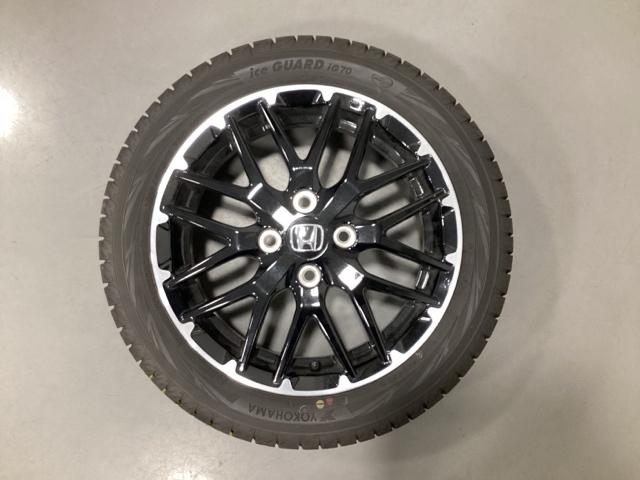 Ｎ－ＢＯＸカスタム ターボコーディネートスタイル　中古スタッドレスタイヤ、純正メモリーナビ、ドライブレコーダー前後装着＋ＥＴＣ付　当社デモカー　サイドエアバッグ　ＬＥＤライト　前席シートヒーター　フルセグＴＶ　スマキー　ＤＶＤ　ＶＳＡ　ベンチシート（3枚目）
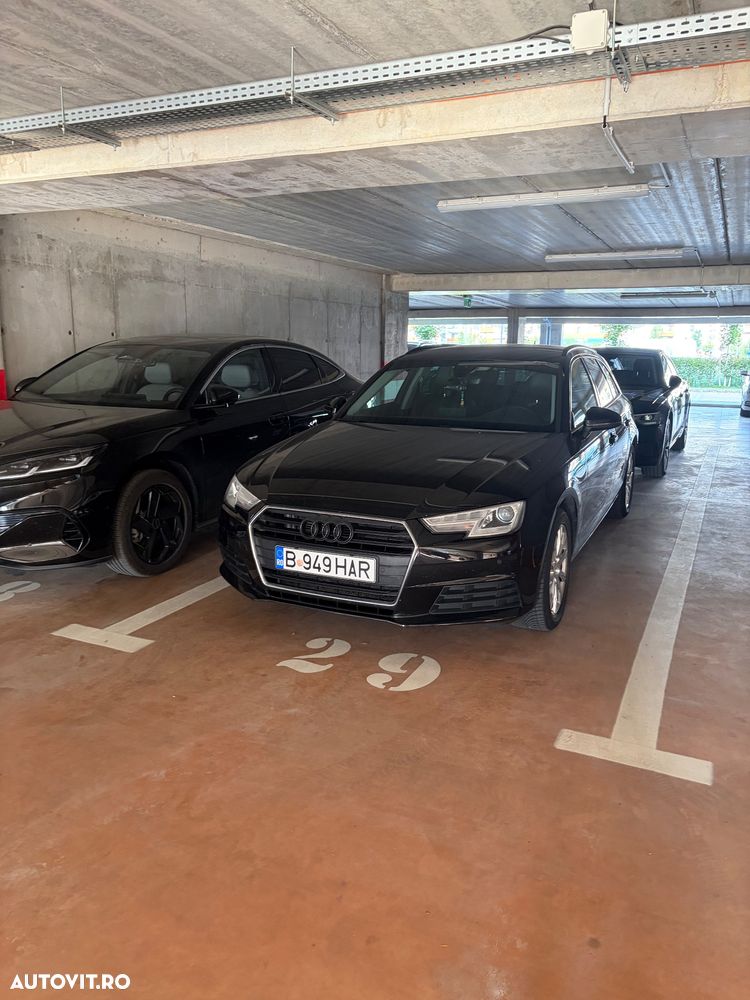 Audi A4 Avant 2.0 TDI S tronic - 1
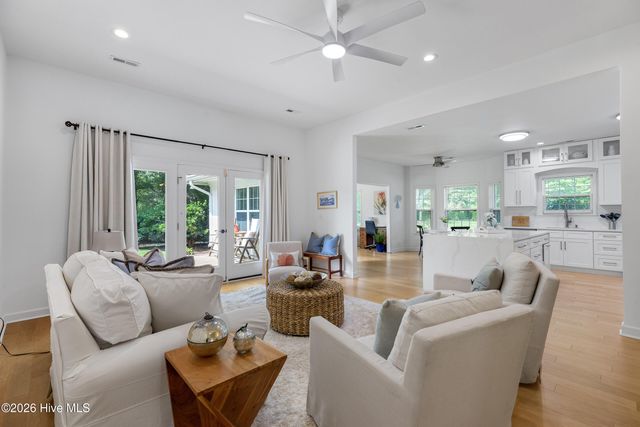 800 Fox Ridge Lane, Wilmington, NC 28405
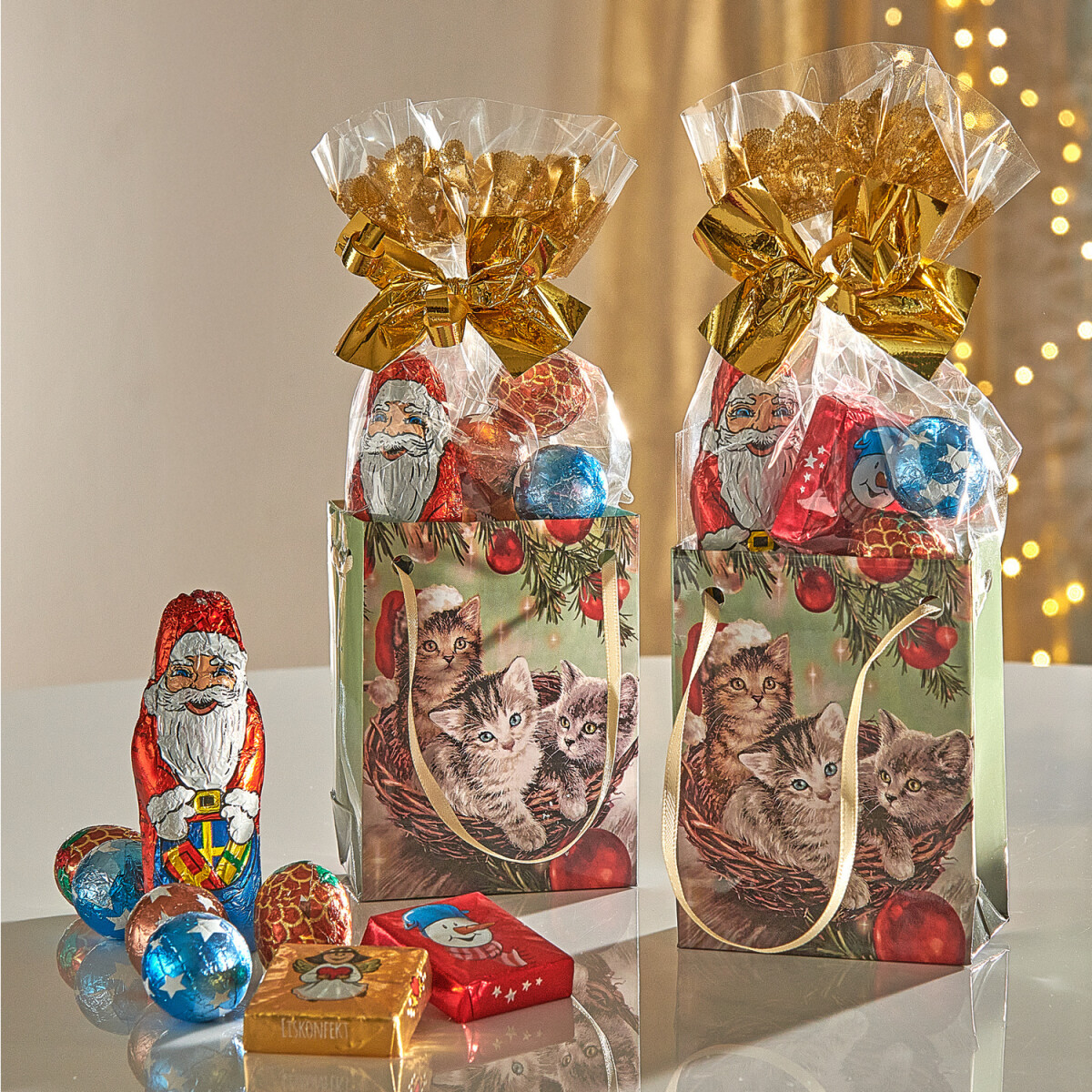 2 tašky Svätý Mikuláš + sladkosti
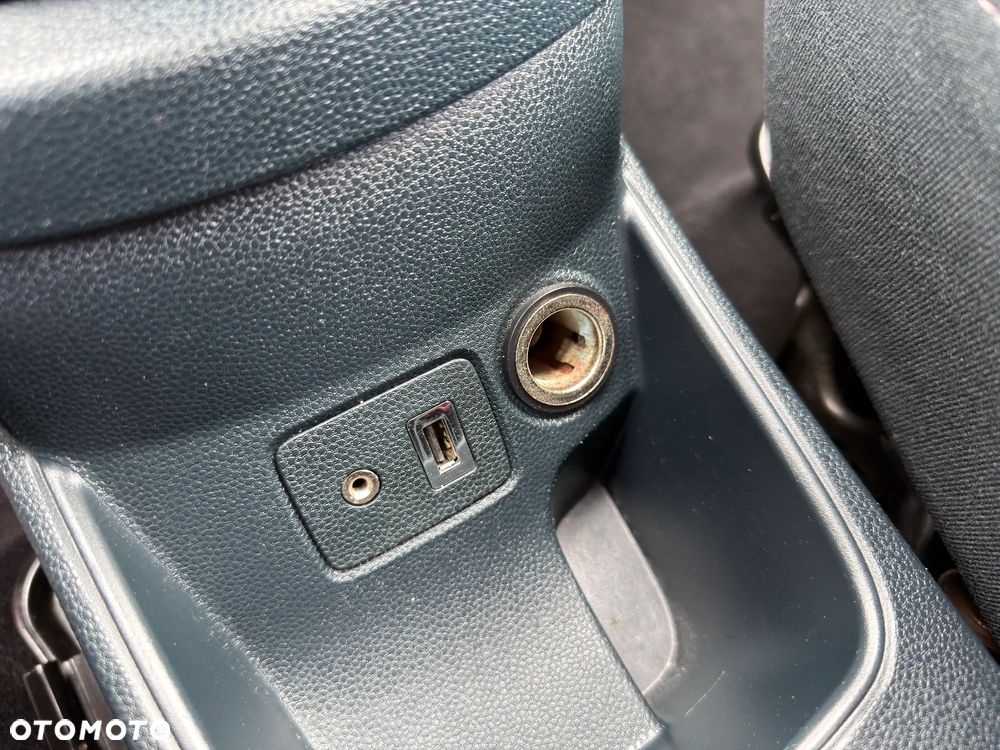 Ford Fiesta 1.6 TDCi Titanium - 32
· · · · ·
PROBLEM TO SOLVE -
Once the pictures are removed, write out all of the entries above exactly.

WRITTEN ANSWER -
 Ｎ－ＢＯＸカスタム ターボコーディネートスタイル　中古スタッドレスタイヤ、純正メモリーナビ、ドライブレコーダー前後装着＋ＥＴＣ付　当社デモカー　サイドエアバッグ　ＬＥＤライト　前席シートヒーター　フルセグＴＶ　スマキー　ＤＶＤ　ＶＳＡ　ベンチシート（3枚目）
 Audi A4 Avant 2.0 TDI S tronic - 1
 800 Fox Ridge Lane, Wilmington, NC 28405
 2 tašky Svätý Mikuláš + sladkosti
 Ford Fiesta 1.6 TDCi Titanium - 32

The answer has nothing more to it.